By using machine learning applied to EPR data, it is possible to identify signatures of patients with the same disease but are classified as responders to a particular drug versus non-responders, thereby breaking a singular disease into subtypes. These approaches allow us to integrate vast data sets and sub-divide groups of patients with similar disease characteristics such as IBD, and redefine IBD into a new taxonomy.
As FinTech businesses are transforming financial services, will we see a raft of new start-ups to create a HealthTech sector driven by data and analytical technologies?
This is already happening, with the first AI-developed drugs now going into clinical trials and AI algorithms being used to support radiology workflows.

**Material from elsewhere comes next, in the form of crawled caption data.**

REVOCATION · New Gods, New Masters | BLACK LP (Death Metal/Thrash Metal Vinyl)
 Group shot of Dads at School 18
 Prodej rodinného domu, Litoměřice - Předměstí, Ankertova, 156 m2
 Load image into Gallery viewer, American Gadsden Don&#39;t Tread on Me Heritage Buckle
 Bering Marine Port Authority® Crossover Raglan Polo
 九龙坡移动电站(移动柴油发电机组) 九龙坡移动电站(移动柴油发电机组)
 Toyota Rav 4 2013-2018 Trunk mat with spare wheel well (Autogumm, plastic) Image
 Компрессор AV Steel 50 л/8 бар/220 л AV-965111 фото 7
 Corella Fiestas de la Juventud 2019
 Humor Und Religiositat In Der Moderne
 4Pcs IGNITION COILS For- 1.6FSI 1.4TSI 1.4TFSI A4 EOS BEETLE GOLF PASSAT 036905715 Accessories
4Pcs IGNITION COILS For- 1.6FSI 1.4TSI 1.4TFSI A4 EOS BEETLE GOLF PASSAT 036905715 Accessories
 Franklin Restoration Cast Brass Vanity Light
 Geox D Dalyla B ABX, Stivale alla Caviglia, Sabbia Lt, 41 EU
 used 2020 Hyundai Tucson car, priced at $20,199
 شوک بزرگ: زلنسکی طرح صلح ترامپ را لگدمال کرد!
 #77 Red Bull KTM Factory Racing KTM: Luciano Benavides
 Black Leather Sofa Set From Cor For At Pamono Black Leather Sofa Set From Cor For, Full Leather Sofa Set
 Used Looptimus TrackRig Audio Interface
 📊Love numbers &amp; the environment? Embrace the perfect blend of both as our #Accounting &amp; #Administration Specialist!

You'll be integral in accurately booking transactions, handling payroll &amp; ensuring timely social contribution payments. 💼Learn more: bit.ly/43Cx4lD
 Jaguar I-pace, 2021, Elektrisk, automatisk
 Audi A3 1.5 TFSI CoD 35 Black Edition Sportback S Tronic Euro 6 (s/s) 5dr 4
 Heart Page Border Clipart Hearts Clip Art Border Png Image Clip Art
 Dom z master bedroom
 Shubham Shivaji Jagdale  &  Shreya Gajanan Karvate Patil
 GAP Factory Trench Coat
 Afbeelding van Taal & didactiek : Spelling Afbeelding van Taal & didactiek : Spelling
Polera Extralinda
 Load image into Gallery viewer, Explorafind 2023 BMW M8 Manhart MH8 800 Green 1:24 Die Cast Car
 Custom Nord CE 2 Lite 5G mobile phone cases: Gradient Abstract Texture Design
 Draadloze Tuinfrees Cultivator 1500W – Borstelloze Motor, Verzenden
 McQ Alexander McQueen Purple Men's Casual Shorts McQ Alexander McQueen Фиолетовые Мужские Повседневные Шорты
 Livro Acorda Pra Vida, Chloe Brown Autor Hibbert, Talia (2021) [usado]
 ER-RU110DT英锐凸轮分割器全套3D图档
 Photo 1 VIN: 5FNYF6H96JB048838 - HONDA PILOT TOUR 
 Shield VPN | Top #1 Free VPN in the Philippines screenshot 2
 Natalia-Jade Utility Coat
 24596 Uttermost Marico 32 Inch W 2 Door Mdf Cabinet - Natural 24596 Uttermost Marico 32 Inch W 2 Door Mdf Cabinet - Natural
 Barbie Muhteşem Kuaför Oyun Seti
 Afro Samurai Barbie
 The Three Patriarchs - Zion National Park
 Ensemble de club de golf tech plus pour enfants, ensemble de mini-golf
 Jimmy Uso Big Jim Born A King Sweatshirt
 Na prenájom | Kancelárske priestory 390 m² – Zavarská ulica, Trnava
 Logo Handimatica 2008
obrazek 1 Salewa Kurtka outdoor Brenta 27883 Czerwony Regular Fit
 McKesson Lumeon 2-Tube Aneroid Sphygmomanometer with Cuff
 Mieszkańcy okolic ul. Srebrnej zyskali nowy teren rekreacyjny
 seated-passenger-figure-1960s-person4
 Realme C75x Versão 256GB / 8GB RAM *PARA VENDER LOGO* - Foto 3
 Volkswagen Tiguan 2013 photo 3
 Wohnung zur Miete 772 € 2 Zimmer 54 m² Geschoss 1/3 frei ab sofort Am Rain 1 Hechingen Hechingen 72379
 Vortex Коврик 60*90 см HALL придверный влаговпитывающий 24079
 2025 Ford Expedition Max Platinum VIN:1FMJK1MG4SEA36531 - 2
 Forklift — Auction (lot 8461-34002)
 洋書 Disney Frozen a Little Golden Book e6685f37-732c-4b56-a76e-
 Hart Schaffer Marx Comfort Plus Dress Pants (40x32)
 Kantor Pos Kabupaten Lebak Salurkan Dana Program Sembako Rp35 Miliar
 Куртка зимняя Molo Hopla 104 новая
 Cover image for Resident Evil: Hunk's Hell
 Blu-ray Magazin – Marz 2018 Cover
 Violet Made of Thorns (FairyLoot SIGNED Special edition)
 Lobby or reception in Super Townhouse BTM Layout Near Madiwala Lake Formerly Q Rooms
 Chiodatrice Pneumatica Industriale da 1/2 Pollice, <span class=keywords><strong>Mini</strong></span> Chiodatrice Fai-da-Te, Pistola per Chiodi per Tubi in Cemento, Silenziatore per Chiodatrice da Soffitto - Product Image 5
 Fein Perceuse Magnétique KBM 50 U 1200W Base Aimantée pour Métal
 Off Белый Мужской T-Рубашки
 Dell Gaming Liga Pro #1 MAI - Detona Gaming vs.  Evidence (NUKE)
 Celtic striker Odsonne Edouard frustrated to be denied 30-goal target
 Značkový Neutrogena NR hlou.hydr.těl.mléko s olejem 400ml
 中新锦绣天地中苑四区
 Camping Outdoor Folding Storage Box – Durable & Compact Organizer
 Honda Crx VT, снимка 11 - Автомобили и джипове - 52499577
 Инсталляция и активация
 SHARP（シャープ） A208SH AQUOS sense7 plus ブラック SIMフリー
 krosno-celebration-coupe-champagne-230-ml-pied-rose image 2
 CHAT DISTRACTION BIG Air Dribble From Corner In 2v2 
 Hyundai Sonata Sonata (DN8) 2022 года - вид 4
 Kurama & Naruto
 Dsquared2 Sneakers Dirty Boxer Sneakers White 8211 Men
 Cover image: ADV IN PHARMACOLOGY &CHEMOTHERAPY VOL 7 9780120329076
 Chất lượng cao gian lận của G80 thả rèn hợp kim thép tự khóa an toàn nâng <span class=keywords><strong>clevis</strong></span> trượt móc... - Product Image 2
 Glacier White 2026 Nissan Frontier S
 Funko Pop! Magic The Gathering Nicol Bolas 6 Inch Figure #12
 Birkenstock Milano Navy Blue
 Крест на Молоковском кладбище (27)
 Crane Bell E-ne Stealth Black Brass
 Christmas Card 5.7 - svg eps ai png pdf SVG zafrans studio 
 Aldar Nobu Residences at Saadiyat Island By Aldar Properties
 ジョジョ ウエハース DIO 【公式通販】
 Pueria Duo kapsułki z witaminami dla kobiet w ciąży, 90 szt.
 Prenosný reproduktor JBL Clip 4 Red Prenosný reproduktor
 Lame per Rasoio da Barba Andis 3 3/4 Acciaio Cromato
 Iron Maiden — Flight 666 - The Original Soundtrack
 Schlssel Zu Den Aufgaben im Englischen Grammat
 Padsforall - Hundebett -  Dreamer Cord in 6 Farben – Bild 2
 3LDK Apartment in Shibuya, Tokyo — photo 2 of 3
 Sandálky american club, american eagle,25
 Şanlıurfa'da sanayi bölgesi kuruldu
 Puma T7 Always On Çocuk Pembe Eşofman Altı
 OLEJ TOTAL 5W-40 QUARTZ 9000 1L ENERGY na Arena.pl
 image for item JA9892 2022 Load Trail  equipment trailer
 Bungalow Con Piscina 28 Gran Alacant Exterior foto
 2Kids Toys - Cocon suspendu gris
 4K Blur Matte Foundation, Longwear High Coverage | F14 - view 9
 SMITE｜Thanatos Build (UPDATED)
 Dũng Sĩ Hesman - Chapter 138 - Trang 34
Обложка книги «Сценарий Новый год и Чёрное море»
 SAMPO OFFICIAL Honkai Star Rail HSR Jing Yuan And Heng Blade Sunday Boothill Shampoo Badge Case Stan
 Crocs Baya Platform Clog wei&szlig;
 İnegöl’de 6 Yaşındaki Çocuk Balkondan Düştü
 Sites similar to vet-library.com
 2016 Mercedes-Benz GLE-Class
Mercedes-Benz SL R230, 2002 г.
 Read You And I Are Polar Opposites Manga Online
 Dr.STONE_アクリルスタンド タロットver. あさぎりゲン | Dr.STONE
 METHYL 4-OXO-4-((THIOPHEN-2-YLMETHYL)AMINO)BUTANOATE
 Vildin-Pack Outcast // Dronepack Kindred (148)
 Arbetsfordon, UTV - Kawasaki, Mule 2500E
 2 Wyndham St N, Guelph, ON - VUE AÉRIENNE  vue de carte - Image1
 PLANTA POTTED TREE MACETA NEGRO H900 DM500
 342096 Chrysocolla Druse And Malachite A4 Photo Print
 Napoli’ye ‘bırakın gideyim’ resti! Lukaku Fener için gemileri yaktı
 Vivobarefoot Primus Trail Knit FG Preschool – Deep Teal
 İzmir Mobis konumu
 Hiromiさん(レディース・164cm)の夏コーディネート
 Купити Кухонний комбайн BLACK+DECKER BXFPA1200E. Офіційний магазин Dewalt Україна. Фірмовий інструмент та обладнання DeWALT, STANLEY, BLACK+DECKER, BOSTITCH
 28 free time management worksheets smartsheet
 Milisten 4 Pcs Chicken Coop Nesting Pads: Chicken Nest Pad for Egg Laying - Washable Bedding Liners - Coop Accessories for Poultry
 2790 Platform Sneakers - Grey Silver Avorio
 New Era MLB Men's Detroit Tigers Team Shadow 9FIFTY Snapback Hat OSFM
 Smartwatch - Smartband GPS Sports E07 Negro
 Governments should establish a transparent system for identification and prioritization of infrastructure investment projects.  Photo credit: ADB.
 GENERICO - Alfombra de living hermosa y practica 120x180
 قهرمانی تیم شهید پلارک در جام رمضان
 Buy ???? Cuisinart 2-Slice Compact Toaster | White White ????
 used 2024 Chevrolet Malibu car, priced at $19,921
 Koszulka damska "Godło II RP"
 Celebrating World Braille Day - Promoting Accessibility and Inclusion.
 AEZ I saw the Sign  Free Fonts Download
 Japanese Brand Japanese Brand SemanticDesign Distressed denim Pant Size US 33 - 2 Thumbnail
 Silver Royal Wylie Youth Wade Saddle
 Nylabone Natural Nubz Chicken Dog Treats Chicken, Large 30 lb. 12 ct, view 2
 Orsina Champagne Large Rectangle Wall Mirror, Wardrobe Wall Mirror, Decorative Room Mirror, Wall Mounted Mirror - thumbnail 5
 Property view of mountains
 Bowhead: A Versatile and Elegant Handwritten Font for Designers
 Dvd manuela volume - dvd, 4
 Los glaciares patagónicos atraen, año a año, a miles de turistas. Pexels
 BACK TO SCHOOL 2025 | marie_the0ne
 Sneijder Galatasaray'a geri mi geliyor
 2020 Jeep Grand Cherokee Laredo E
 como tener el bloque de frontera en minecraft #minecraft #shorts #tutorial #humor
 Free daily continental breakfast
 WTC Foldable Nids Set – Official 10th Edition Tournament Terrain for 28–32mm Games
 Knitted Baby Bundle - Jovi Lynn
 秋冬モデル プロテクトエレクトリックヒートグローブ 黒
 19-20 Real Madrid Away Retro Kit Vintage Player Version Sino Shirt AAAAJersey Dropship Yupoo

We would welcome collaboration between the NHS, big corporates such as pharmaceutical companies and health tech start-ups and scaleups, to accelerate the discovery of drugs and prevention of disease. For example, Sensyne Health recently collaborated with Bayer to identify patient populations in one disease area, by assessing and collating anonymized patient data with anonymized EPR information to better understand of the disease heterogeneity within heart failure. This would not have been possible without the power of technology supporting clinicians analyzing the real-world evidence, only made available through a positive relationship with NHS trusts.
Sensyne also collaborates with NHS Trusts under Strategic Research Agreements to combine clinical artificial intelligence technology with ethically sourced, anonymized patient data to help improve patient care, accelerate the discovery and development of new medicines and enhance our understanding of disease and treatment. This two-way collaborating approach is essential for creating value from the analysis of anonymized patient data in an ethical way.
Where do you think the next major innovation in the health tech sector will come from?
My vision for the near future is to have large scale sharable banks of patient samples, linked to their electronic patient records and outcomes to truly change the paradigm of “bench to bedside”, to patient-centric drug discovery, where patient data, patient outcomes and patient samples are pivotal in every step of the drug discovery process. Along with medical records, data from remote monitoring apps can supplement EPR data sets to understand chronic diseases and their management in the home. Aggregated, this information will genuinely change the way we understand disease biology, define the disease and improve patient care.
I believe that the drug discovery process we know today will completely transform thanks to access to high-quality patient data. A drug discovery program will start with medical record data to define the target product profile, samples from patients will be used to run the entire drug discovery and development, moving away from a linear process of drug discovery and development from Targets ID to Clinical trials, rather an iterative process. It is akin to how agile ways of working transformed the technology sector, working with patient data and patient samples, and iterating the entire drug discovery and development process to be more iterative, would allow us to fail faster and reduce the cost of innovating in healthcare
Most critically, I hope that we will no longer need randomized control trials as we run them today. Imagine, instead of people being subjected to the lengthy and costly drug creation process, we have simulated in silico trials where the impact of compounds are modelled in virtual patients without needing to expose patients unnecessarily to drugs or placebos – only enrolling people who are predicted to respond to the drug, and in theory, accelerating the whole process of bringing the drug to market.